#### EXTRACTED ENTRIES ####
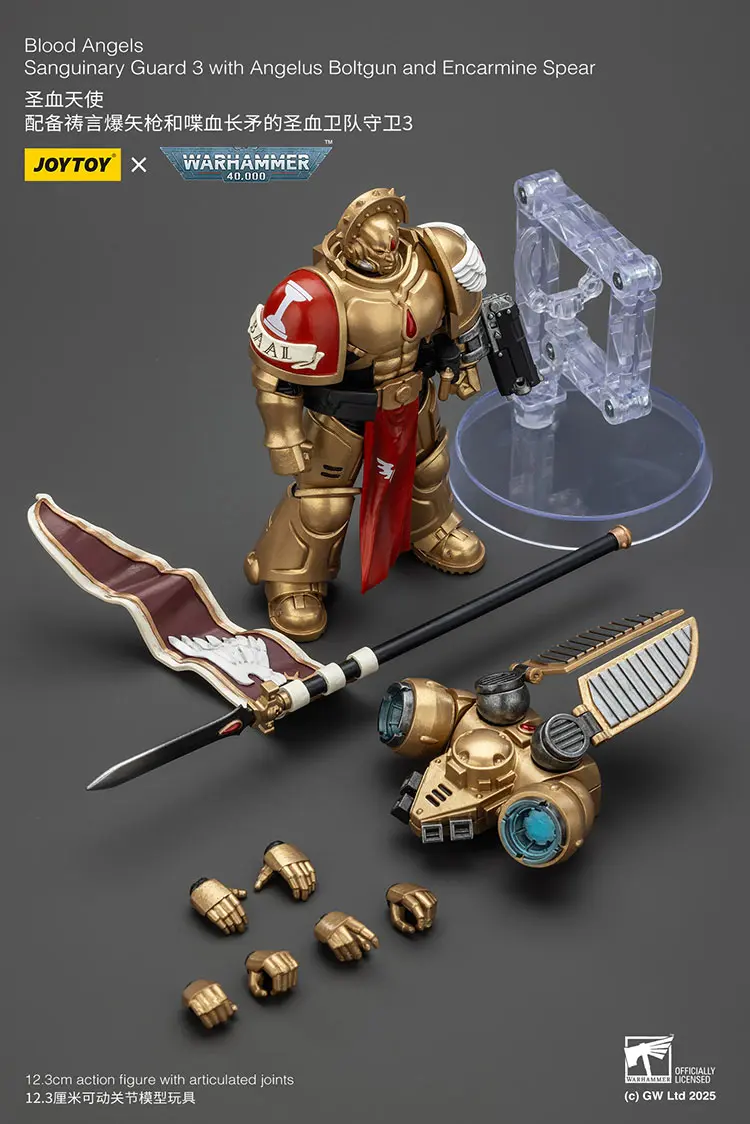 The Parts Of Action Figure Blood Angels Sanguinary Guard 3 With Angelus Boltgun And Encarmine Spear 1 18 Joytoy Warhammer 40k Rectangle Image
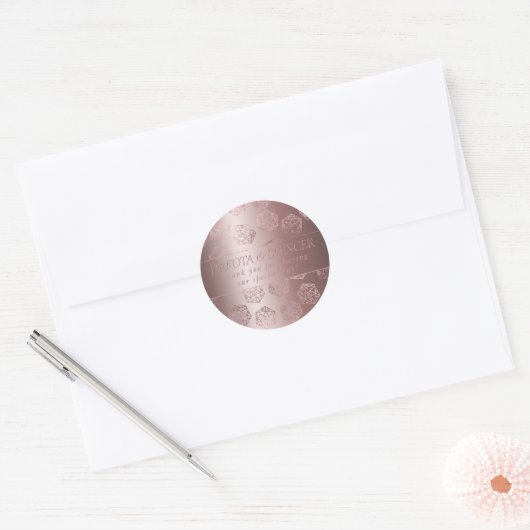 RPG Luxe | Mauve Fantasy Tafelblad Gamer Custom Ronde Sticker (Envelop)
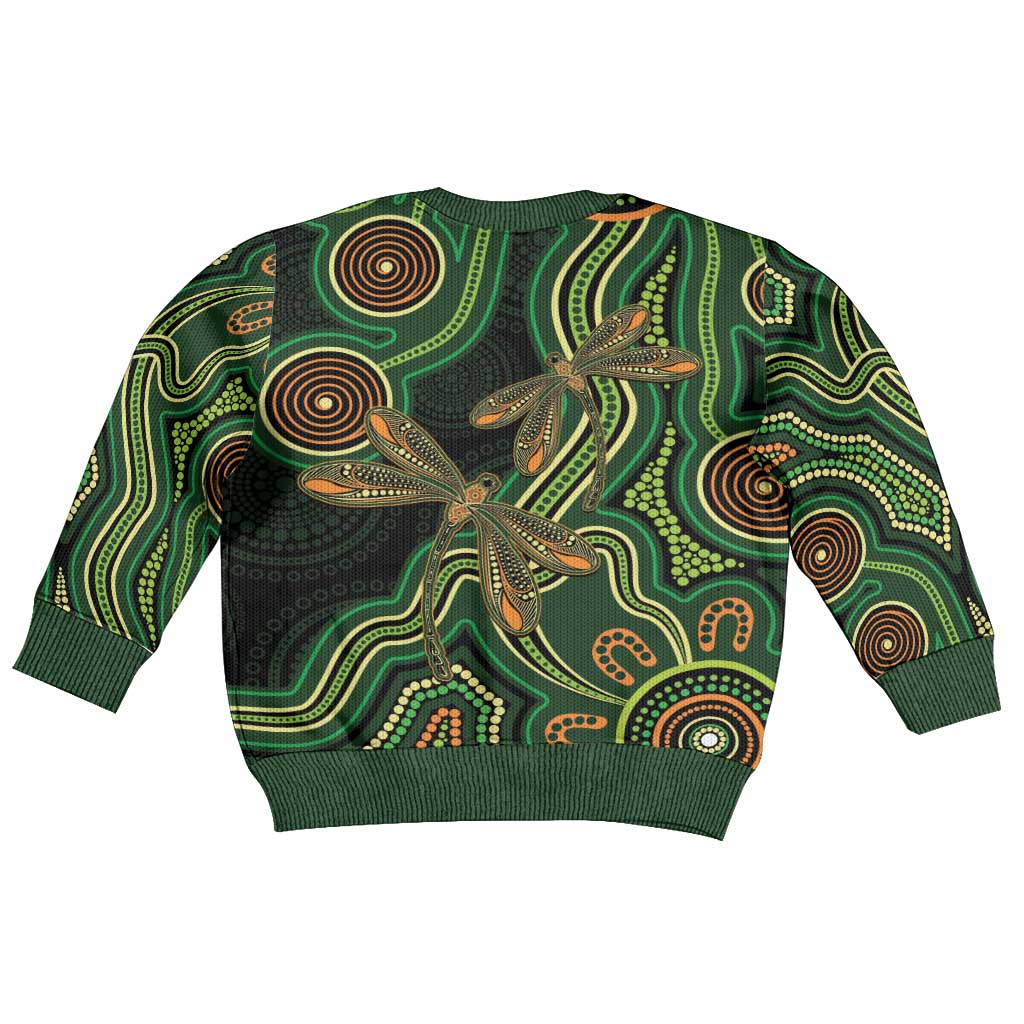 Green Indigenous Dragonfly Australia Kid Ugly Christmas Sweater Aboriginal Art - Vibe Hoodie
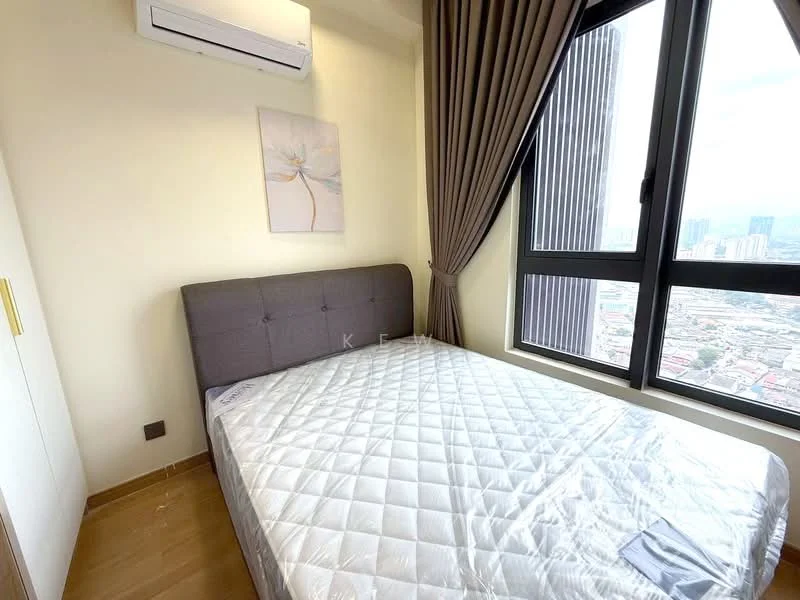 Bedroom features: queen-size bed, upholstered headboard, floor-to-ceiling window, curtains, air conditioning unit, wooden flooring, decorative artwork on wall, built-in wardrobe; style: modern; view: city.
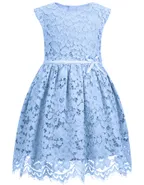 ALLOVIN Toddler Girl A-Line Wedding Lace Dress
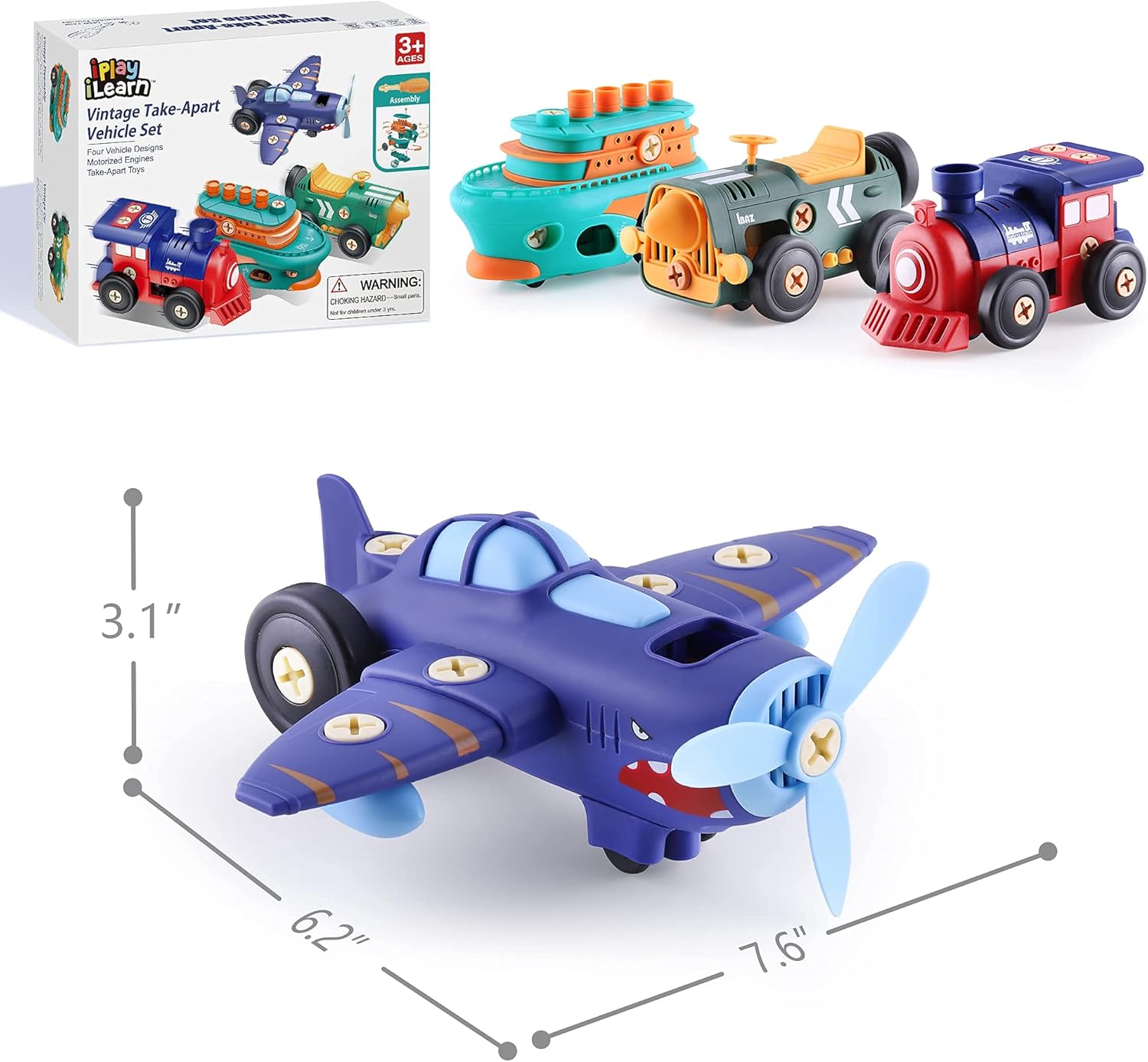 iPlay, iLearn Take Apart Toy Vehicle Playset, Kids Assembly Build Set W/ Screwdriver, Vintage Electronic Motor Car Boat Airplane Train, Preschool STEM, Birthday Gifts for 3 4 5 6 7 Year Old Boys Girls : Toys & Games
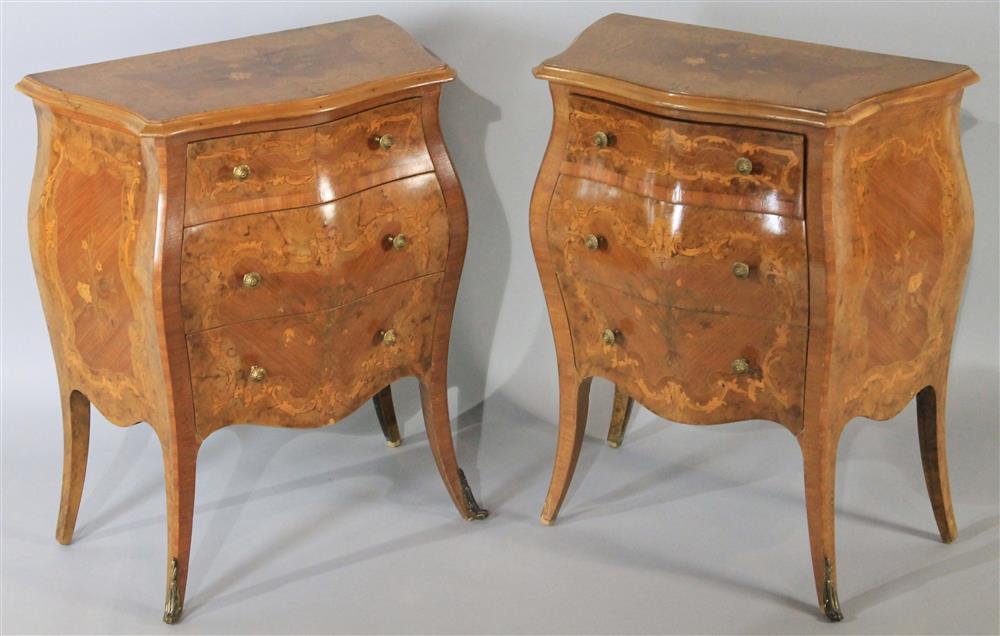 Appraisal: PAIR OF PETITE ITALIAN MARQUETRY BOMBE CHESTS with three drawers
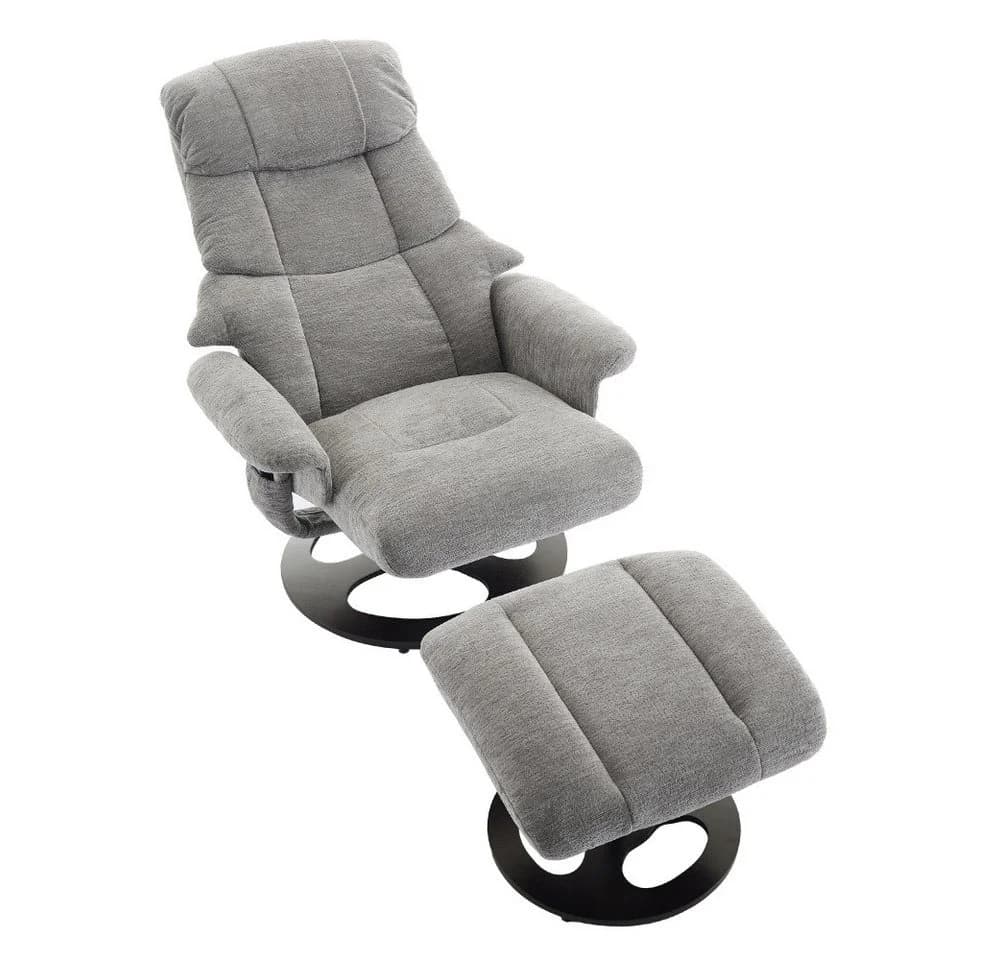 BBWL Massagesessel Grau mit Liegefunktion, Massage, Wärmefunktion & Hocker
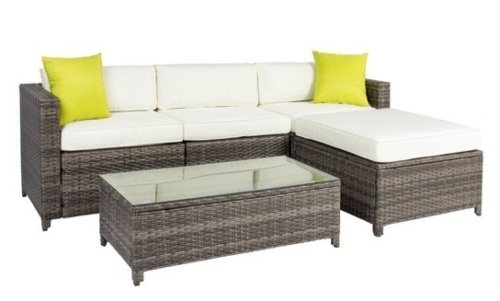 5-Piece Modular Wicker Patio Sectional Set w/ Glass Tabletop, Removable Cushion Covers - Lot 58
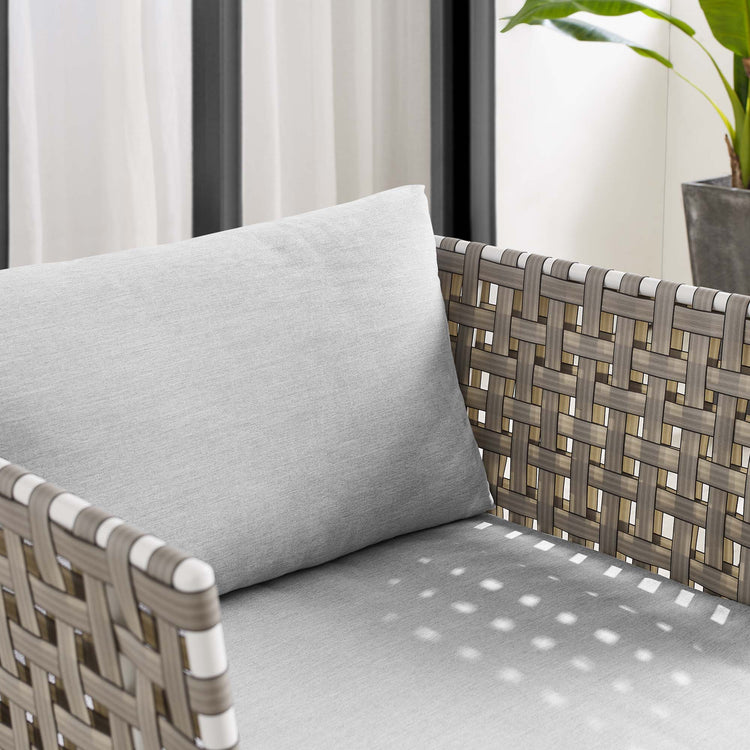 Harmony Sunbrella® Basket Weave Outdoor Patio Aluminum Armchair - Tan Gray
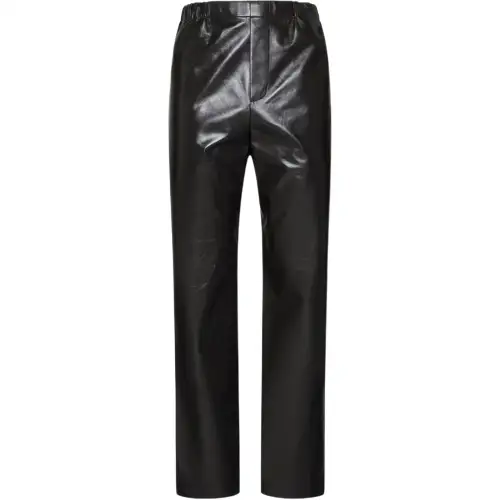 Bottega Veneta SS24 Leather Pants Women's Black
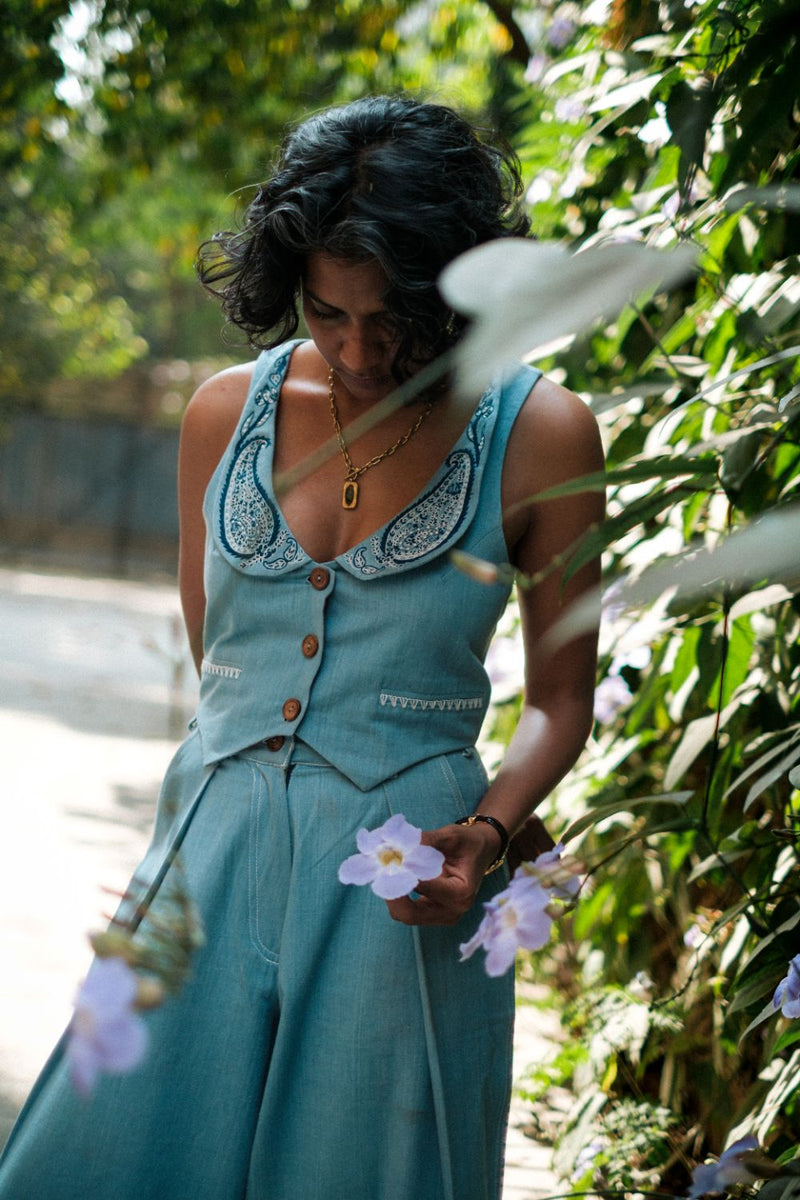 Handloom Denim Koti Waistcoat by JodiLife for women in Singapore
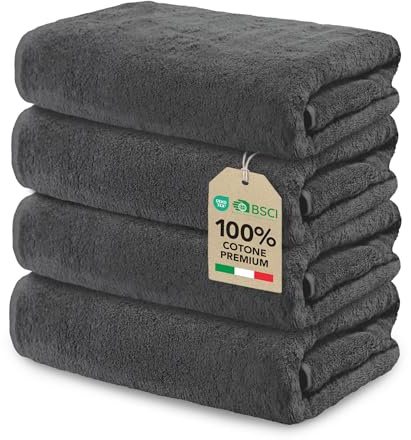 Ôhm Handtuch Baumwolle 50x100 cm Dunkelgrau 4er-Set | Kompaktes Format für schnelles Händetrocknen in Küche oder Bad, ohne Fusseln zu hinterlassen.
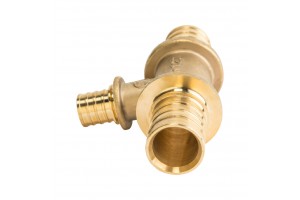 STOUT Тройник переходной 20x16x20 аксиальный PEX, латунь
####
The listing above must be repeated exactly, apart from the pictures.

• _OUTPUT OF THE TASK_:
 The Parts Of Action Figure Blood Angels Sanguinary Guard 3 With Angelus Boltgun And Encarmine Spear 1 18 Joytoy Warhammer 40k Rectangle Image
 RPG Luxe | Mauve Fantasy Tafelblad Gamer Custom Ronde Sticker (Envelop)
 Green Indigenous Dragonfly Australia Kid Ugly Christmas Sweater Aboriginal Art - Vibe Hoodie
 Bedroom features: queen-size bed, upholstered headboard, floor-to-ceiling window, curtains, air conditioning unit, wooden flooring, decorative artwork on wall, built-in wardrobe; style: modern; view: city.
 ALLOVIN Toddler Girl A-Line Wedding Lace Dress
 iPlay, iLearn Take Apart Toy Vehicle Playset, Kids Assembly Build Set W/ Screwdriver, Vintage Electronic Motor Car Boat Airplane Train, Preschool STEM, Birthday Gifts for 3 4 5 6 7 Year Old Boys Girls : Toys & Games
 Appraisal: PAIR OF PETITE ITALIAN MARQUETRY BOMBE CHESTS with three drawers
 BBWL Massagesessel Grau mit Liegefunktion, Massage, Wärmefunktion & Hocker
 5-Piece Modular Wicker Patio Sectional Set w/ Glass Tabletop, Removable Cushion Covers - Lot 58
 Harmony Sunbrella® Basket Weave Outdoor Patio Aluminum Armchair - Tan Gray
 Bottega Veneta SS24 Leather Pants Women's Black
 Handloom Denim Koti Waistcoat by JodiLife for women in Singapore
 Ôhm Handtuch Baumwolle 50x100 cm Dunkelgrau 4er-Set | Kompaktes Format für schnelles Händetrocknen in Küche oder Bad, ohne Fusseln zu hinterlassen.
 STOUT Тройник переходной 20x16x20 аксиальный PEX, латунь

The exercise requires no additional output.